Schiffe sind bereits heute für bis zu 13 Prozent der weltweiten Dieselrußemissionen verantwortlich. Bis 2050 könnten sich die Rußemissionen aus der Schifffahrt sogar verdreifachen, so das Ergebnis einer jüngst veröffentlichten Studie des International Council on Clean Transportation (ICCT). Besonders dramatisch ist die Prognose für die Arktis. Es wird erwartet, dass sich der Schadstoffausstoß von Schiffen in diesem hochsensiblen Gebiet bis 2025 versechsfacht. Der Ruß legt sich auf die weißen Schneeflächen und beschleunigt so das Abschmelzen des Eises und trägt damit direkt zur Erwärmung der Arktis bei.

Die vom ICCT prognostizierten Anstiege der Ruß-Emissionen würden einen Großteil der an Land erzielten Fortschritte bei der Reduktion des hochgiftigen Luftschadstoffs Black Carbon zunichtemachen. Während dort Abgase von Autos, Lkw und Kraftwerken erfolgreich gefiltert werden, genießt die Schifffahrt derzeit unerhörte Verschmutzungsprivilegien. Und auch wenn die Luftverschmutzung auf hoher See passiert – die Luftschadstoffe können mehrere hundert Kilometer geweht werden. Allein in Europa führen sie jedes Jahr zum vorzeitigen Tod von 50.000 Menschen.
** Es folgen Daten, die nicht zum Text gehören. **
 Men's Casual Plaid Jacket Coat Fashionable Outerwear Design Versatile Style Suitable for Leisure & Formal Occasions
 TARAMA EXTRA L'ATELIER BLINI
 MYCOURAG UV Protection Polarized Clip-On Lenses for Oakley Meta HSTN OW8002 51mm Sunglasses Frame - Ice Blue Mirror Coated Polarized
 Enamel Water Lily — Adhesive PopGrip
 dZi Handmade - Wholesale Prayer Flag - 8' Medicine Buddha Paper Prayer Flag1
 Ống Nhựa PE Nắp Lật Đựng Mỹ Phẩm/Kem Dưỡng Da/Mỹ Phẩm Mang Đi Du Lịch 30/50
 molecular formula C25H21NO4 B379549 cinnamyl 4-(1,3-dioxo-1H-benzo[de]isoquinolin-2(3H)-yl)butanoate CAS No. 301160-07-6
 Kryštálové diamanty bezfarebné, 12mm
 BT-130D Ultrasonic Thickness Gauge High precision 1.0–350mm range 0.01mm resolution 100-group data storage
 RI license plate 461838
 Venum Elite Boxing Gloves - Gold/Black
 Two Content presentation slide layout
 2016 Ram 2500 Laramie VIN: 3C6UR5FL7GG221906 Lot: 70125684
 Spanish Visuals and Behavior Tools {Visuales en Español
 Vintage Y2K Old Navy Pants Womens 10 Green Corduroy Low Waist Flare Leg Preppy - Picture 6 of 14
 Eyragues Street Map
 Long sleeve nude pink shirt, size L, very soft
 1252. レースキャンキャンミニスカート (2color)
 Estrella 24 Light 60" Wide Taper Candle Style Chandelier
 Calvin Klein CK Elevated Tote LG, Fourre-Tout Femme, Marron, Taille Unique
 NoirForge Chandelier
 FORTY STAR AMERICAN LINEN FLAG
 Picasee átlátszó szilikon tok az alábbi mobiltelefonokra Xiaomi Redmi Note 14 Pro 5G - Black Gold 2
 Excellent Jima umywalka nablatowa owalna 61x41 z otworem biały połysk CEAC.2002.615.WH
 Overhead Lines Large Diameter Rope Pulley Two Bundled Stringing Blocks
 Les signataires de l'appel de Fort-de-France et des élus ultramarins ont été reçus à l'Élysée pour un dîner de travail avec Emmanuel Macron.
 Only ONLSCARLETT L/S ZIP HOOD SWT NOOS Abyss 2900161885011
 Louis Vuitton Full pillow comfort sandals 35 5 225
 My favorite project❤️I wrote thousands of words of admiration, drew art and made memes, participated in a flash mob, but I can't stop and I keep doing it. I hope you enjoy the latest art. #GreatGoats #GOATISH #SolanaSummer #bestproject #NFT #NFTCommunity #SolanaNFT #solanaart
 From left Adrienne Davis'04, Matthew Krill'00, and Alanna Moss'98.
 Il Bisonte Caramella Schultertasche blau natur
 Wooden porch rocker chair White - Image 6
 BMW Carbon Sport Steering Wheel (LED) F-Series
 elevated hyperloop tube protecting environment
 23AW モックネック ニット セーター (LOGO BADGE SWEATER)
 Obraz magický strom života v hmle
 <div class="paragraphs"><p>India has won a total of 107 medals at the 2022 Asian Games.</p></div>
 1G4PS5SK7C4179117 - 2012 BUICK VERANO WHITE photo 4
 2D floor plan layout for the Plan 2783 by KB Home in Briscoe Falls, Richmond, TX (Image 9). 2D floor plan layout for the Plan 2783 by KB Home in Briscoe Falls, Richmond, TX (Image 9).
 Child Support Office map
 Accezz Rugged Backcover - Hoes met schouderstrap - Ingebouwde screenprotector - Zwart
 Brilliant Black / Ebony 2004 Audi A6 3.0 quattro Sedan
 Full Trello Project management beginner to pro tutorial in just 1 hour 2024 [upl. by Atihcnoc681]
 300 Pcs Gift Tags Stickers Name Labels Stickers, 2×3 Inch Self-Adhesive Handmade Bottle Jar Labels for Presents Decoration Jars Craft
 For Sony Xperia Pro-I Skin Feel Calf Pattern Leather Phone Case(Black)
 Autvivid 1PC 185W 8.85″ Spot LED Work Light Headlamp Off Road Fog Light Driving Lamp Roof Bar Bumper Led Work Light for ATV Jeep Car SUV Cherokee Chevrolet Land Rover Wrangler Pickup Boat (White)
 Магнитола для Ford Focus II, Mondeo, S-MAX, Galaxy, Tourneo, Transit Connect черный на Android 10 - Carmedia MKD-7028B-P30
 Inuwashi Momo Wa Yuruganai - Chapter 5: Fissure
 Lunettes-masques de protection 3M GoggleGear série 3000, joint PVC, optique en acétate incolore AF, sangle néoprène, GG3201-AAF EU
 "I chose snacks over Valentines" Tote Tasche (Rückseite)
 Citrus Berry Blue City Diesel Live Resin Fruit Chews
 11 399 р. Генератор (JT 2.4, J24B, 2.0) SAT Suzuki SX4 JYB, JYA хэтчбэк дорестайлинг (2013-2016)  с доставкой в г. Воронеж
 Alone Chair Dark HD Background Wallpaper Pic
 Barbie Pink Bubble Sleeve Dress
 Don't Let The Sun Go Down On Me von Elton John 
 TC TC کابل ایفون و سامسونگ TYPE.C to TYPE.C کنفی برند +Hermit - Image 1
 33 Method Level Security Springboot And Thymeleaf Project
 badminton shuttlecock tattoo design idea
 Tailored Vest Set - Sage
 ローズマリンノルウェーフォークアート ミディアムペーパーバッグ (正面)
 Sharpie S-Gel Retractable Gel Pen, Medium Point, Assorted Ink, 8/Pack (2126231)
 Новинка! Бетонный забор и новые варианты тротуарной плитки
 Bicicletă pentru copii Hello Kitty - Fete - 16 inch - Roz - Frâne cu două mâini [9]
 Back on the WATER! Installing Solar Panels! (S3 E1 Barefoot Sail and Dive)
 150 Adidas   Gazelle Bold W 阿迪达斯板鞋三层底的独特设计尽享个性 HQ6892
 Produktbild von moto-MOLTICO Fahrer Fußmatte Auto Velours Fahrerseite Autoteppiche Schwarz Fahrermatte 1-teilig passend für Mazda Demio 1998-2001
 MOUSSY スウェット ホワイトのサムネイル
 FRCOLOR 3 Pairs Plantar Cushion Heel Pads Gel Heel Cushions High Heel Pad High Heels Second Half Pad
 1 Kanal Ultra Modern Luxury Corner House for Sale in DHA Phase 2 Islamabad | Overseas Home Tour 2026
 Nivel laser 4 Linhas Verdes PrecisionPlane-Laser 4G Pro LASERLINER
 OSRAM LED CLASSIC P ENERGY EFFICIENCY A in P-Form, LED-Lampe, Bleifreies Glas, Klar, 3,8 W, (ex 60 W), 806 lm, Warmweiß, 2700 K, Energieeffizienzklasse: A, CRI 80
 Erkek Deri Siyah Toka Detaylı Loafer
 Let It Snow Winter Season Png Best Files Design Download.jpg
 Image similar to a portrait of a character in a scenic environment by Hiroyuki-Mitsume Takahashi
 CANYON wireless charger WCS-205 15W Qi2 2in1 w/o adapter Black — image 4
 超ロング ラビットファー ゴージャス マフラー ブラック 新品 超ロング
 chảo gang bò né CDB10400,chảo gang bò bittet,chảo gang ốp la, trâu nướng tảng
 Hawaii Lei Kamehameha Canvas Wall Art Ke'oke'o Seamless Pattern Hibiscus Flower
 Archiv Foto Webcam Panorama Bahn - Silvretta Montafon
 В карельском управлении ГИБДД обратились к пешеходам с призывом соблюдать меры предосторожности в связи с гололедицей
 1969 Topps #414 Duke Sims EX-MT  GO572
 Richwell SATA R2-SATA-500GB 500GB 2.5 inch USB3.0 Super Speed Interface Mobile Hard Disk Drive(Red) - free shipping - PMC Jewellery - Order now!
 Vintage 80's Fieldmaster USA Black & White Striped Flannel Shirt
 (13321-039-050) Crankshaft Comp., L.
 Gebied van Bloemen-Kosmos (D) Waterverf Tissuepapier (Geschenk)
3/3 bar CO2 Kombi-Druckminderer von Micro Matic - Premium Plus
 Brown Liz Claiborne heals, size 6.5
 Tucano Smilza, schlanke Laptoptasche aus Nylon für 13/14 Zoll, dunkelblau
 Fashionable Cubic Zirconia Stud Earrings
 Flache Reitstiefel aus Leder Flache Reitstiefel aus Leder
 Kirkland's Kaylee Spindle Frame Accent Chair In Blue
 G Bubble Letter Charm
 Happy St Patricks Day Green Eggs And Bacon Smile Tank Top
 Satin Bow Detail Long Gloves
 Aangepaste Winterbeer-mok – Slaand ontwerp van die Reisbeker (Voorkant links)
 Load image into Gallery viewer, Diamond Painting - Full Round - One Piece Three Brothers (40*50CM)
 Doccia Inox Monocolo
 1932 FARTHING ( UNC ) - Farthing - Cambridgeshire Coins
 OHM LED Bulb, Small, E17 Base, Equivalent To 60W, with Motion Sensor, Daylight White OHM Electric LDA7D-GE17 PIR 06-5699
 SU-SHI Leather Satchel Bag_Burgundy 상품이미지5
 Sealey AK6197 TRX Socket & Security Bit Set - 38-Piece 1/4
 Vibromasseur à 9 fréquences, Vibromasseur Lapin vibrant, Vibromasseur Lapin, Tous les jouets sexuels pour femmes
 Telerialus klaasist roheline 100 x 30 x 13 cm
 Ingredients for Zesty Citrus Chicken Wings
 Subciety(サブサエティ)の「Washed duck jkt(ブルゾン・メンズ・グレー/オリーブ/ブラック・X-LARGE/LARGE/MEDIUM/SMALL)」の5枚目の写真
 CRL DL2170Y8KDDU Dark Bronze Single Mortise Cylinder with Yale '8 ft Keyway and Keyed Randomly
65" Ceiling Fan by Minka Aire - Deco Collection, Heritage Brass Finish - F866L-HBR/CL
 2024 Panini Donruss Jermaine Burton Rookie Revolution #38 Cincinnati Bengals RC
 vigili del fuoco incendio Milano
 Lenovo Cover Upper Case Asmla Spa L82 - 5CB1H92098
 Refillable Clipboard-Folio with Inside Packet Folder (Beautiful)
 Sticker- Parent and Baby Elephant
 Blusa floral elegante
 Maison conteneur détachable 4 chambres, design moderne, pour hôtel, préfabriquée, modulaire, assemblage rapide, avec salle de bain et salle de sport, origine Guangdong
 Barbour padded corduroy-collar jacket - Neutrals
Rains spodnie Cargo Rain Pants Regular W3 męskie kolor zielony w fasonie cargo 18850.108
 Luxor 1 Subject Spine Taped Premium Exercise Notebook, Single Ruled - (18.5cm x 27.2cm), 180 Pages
Die ICCT Studie schätzt, dass mit den aktuell verfügbaren Maßnahmen die Black Carbon-Emissionen um 70 Prozent reduziert werden können - und das ist noch konservativ. Würden alle Schiffe Rußpartikelfilter verbauen, könnten damit 99,9 Prozent der Rußpartikel aus den Abgasen gefiltert werden. Abgassysteme und höherwertiger Marinediesel müssen deshalb Pflicht für alle Schiffe werden. Das Bundesforschungsministerium ist mit dem Forschungsschiff „Heincke“ weltweites Vorbild, da es über einen Rußpartikelfilter und Stickoxid-Katalysator verfügt. Es wäre daher nur folgerichtig, wenn sich die Bundesregierung in der IMO dafür einsetzte, dieses Modell zum internationalen Standard zu machen und ambitionierte Reduktionsziele für Rußemissionen festzulegen.